__INPUT FOR THIS TASK__:

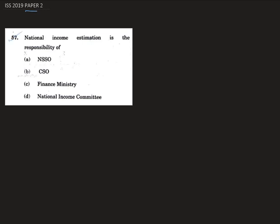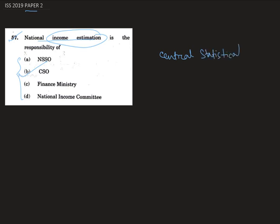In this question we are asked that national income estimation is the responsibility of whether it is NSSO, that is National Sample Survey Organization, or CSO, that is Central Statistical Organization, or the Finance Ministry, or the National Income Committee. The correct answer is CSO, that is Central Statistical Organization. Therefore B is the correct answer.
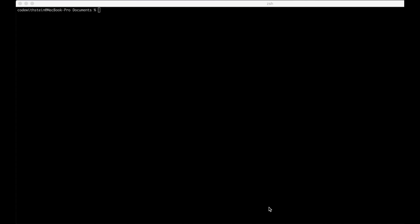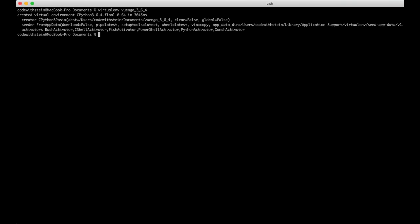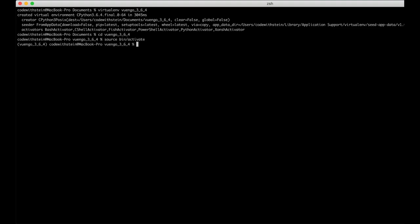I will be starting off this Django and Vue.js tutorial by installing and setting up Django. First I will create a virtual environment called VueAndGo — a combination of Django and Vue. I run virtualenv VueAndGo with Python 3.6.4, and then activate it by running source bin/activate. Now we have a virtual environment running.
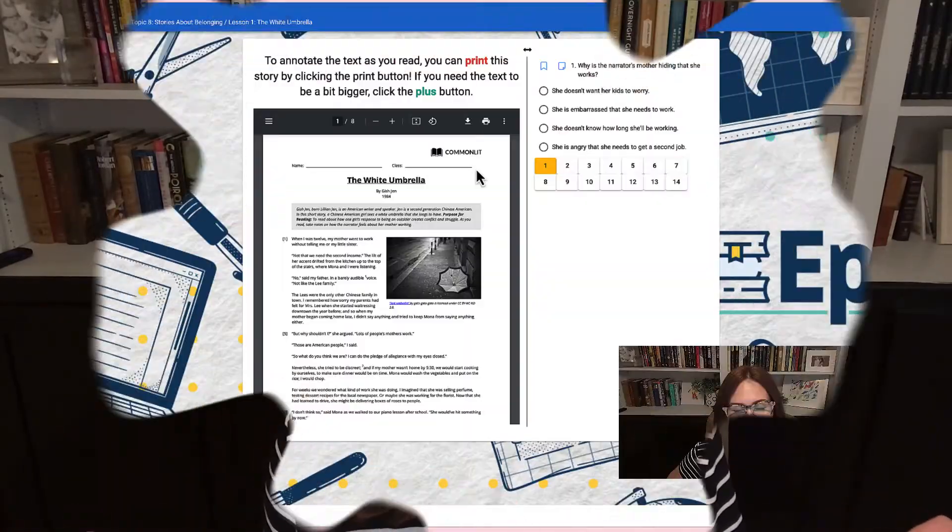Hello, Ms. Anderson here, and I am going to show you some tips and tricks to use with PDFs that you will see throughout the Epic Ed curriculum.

* * *

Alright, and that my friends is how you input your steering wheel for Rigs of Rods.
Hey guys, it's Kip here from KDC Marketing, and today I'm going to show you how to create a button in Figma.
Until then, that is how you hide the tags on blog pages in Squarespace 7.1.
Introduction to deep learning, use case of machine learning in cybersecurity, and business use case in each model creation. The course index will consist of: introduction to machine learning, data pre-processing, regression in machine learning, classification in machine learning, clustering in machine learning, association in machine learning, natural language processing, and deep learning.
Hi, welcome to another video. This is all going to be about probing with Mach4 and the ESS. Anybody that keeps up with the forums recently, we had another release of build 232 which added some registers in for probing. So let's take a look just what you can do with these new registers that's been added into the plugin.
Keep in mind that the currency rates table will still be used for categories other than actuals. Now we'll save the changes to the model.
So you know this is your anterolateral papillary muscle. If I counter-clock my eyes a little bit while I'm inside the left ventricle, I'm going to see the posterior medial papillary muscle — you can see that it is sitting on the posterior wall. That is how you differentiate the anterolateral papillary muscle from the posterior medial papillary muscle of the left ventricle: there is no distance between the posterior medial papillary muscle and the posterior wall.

--

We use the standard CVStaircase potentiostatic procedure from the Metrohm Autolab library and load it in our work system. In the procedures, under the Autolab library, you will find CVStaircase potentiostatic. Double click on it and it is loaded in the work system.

__PROBLEM TO WORK ON__: The required output is every line above that contains the string "your".

__ANSWER TO THIS EXERCISE__:
Alright, and that my friends is how you input your steering wheel for Rigs of Rods.
So you know this is your anterolateral papillary muscle. If I counter-clock my eyes a little bit while I'm inside the left ventricle, I'm going to see the posterior medial papillary muscle — you can see that it is sitting on the posterior wall. That is how you differentiate the anterolateral papillary muscle from the posterior medial papillary muscle of the left ventricle: there is no distance between the posterior medial papillary muscle and the posterior wall.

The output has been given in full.